__Exercise instructions__. Repeat exactly, and nothing more, the lines from the one that includes "Figure 0007307443000021" through the final line of the entries; skip the pictures.

*** Opening Given information ***

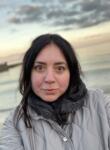 Dating with the women - Ольга, 36 y. o., Zielonka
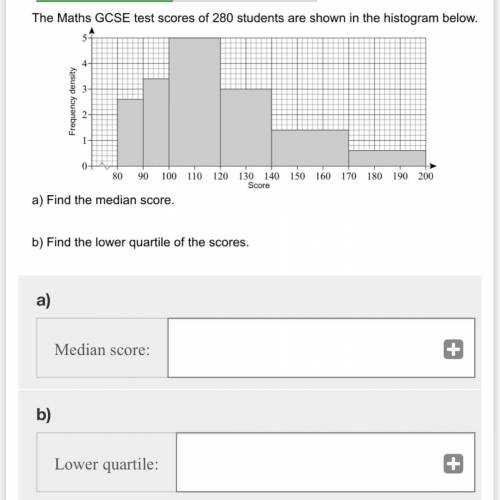 Pls can someone help me with this histogram?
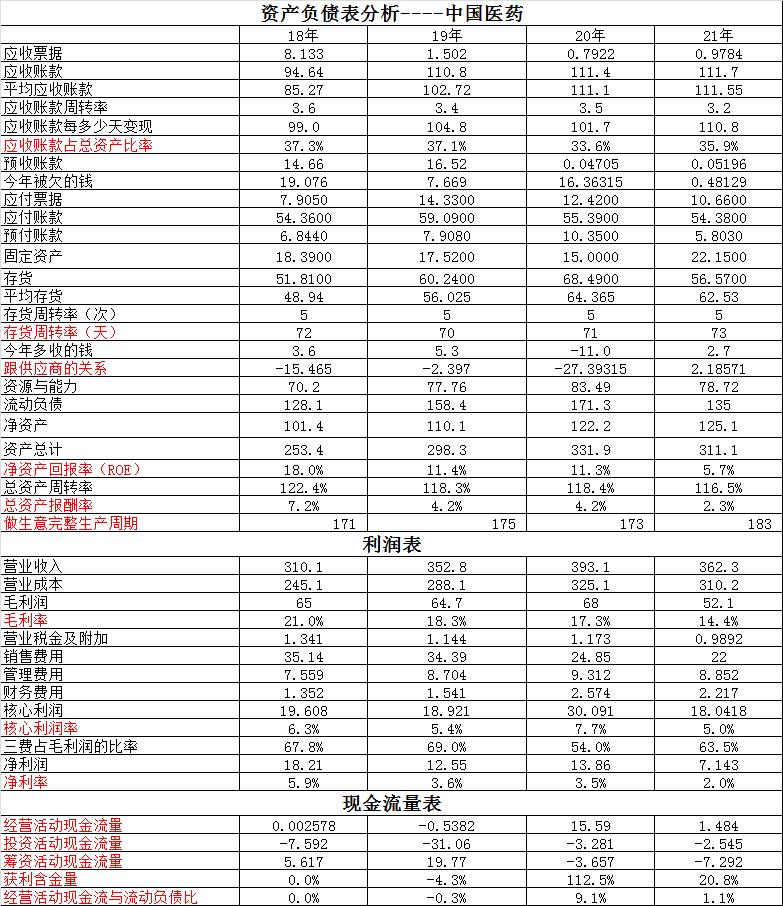 华润双鹤在医药的地位排名,华润双鹤和国药集团哪个好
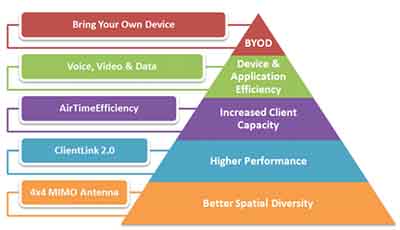 思科CISCO AP 3600測試報告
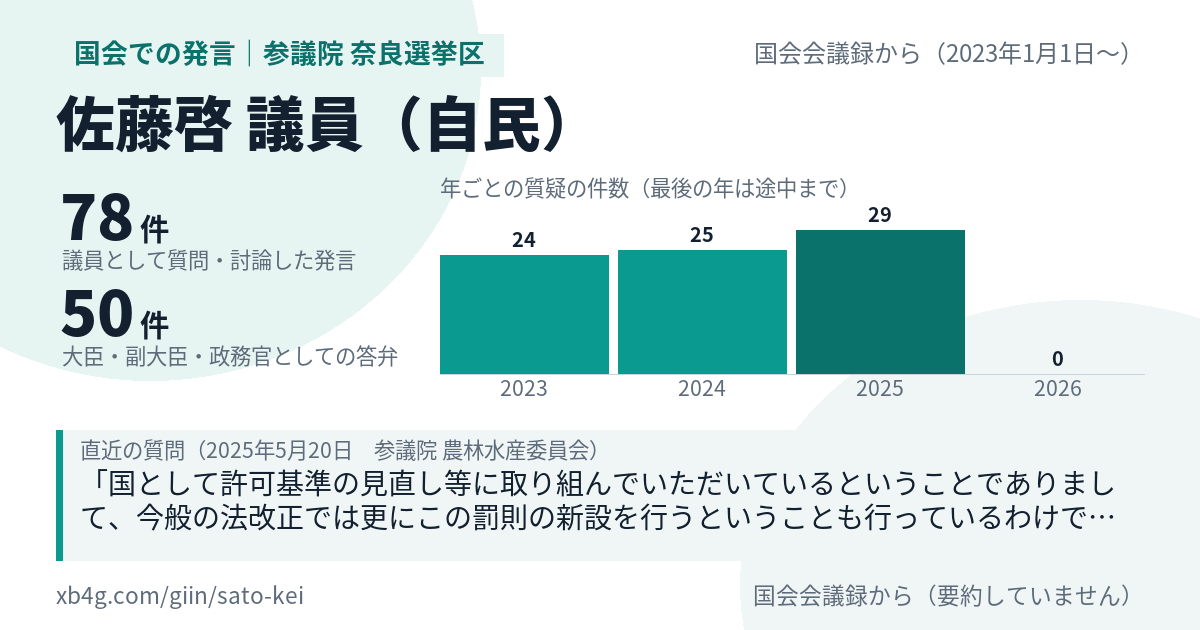 佐藤啓議員の国会での発言のカード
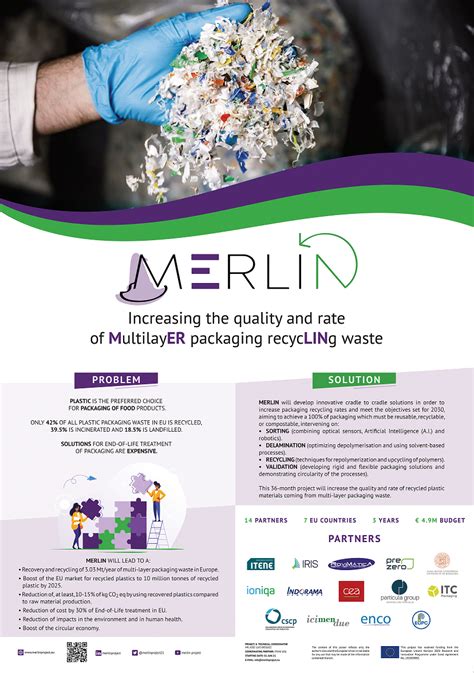 MERLIN Poster – Merlin Project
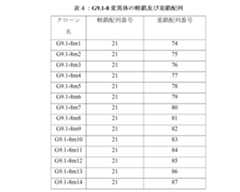 Figure 0007307443000021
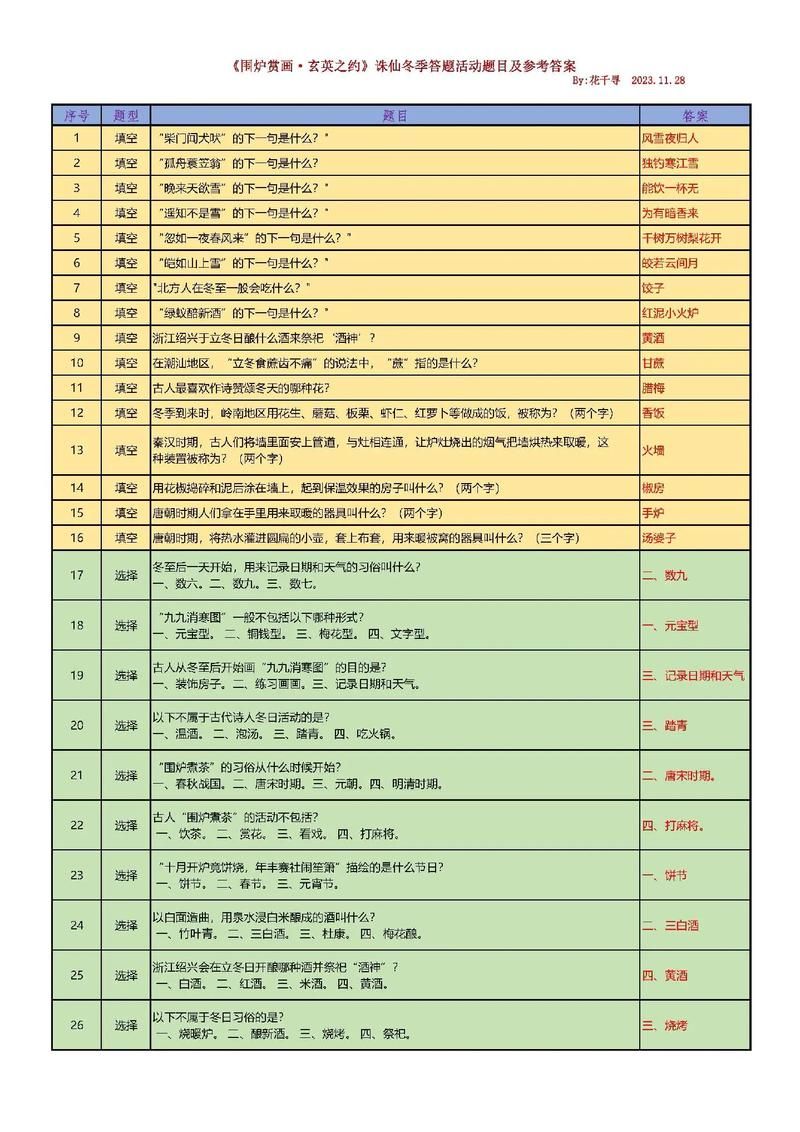 诛仙新科试炼答案整理 帮你快速完成任务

*** Closing Given information ***

__Answer for this exercise__.
 Figure 0007307443000021
 诛仙新科试炼答案整理 帮你快速完成任务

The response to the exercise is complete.